[INPUT RECORDS Boundary: Start]

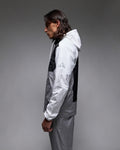 Veste de survêtement Running Serramont Thermodrive - Gris/Blanc/Noir
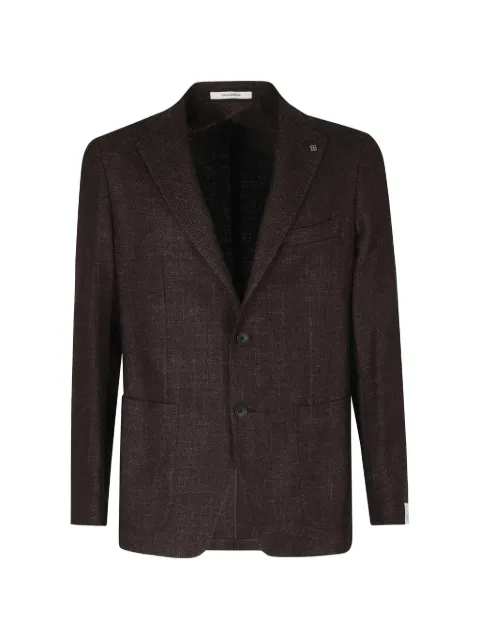 Tagliatore single-breasted notch-lapel blazer Brown 1SMC22K520149U26I318099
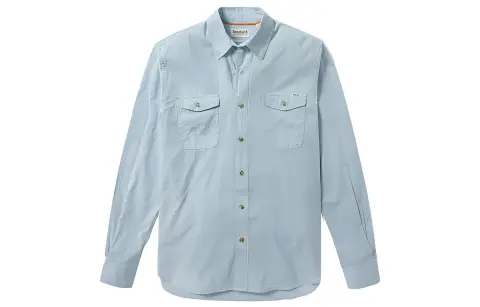 Timberland Shirt Men's Azure Blue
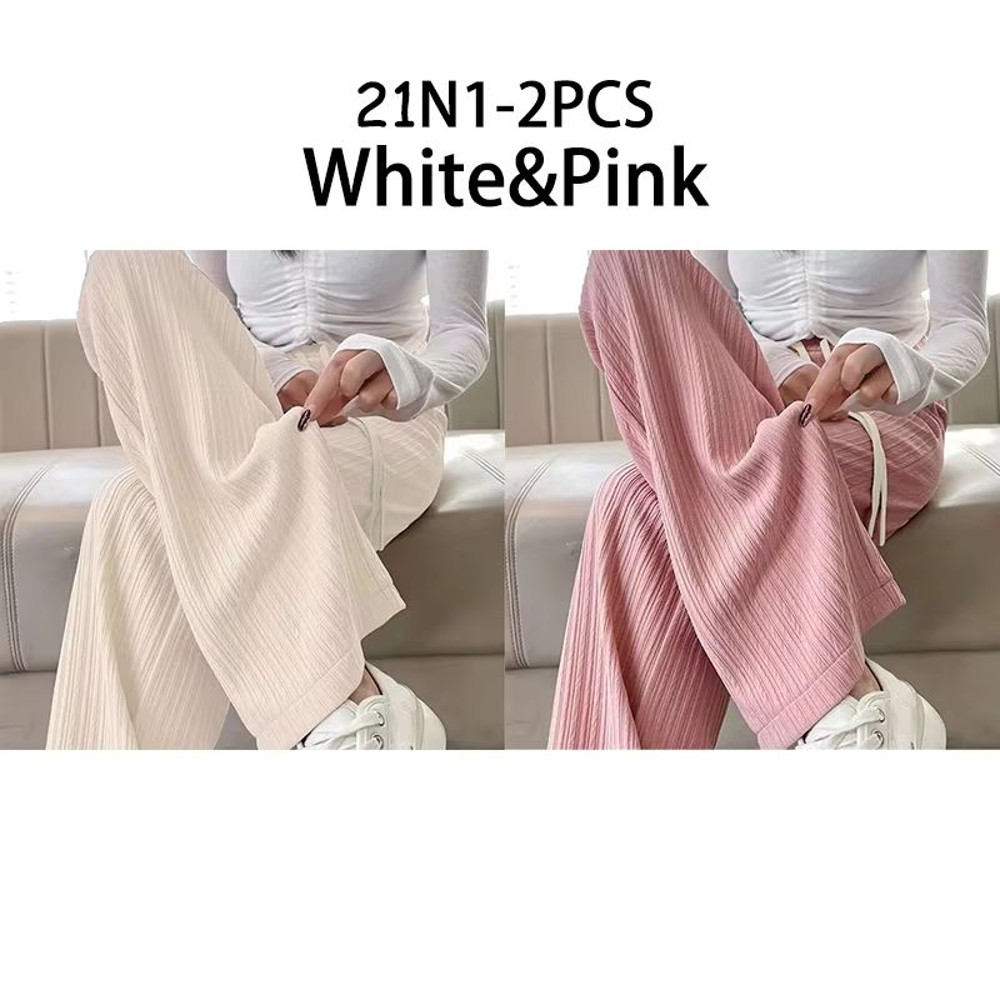 2025 HighWaist Bubble Cloud Puff Pants Draped WideLeg Narrow Straight Fit 10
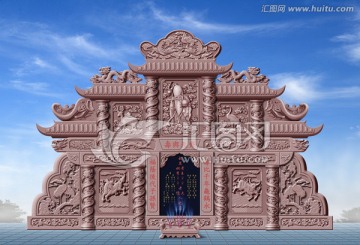 壽星墓碑效果圖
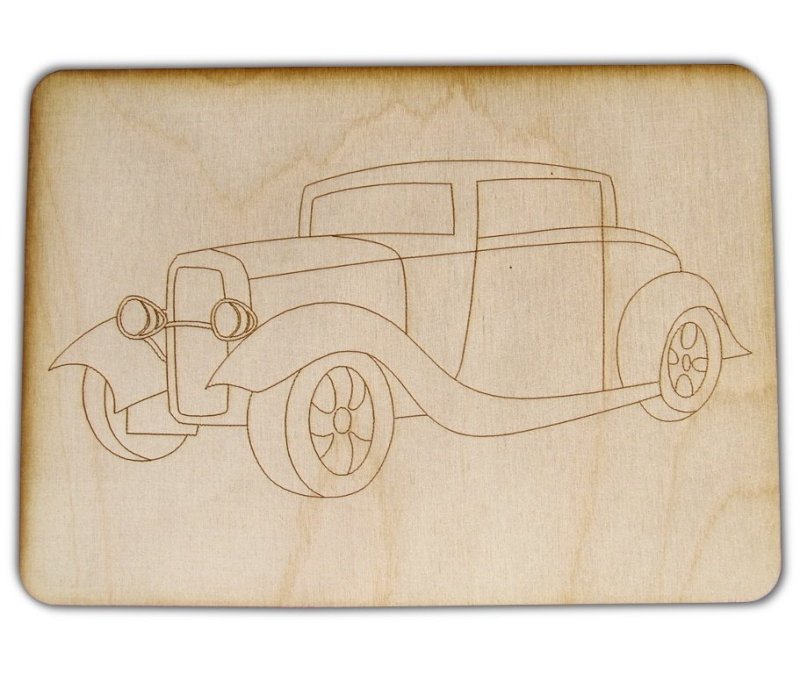 Выжигать выжигателем машинка по дереву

[INPUT RECORDS Boundary: End]

Omit the pictures and print again exactly the lines from the one with "Tagliatore single-breasted notch-lapel" through the final line of the entries, both ends included.

 Tagliatore single-breasted notch-lapel blazer Brown 1SMC22K520149U26I318099
 Timberland Shirt Men's Azure Blue
 2025 HighWaist Bubble Cloud Puff Pants Draped WideLeg Narrow Straight Fit 10
 壽星墓碑效果圖
 Выжигать выжигателем машинка по дереву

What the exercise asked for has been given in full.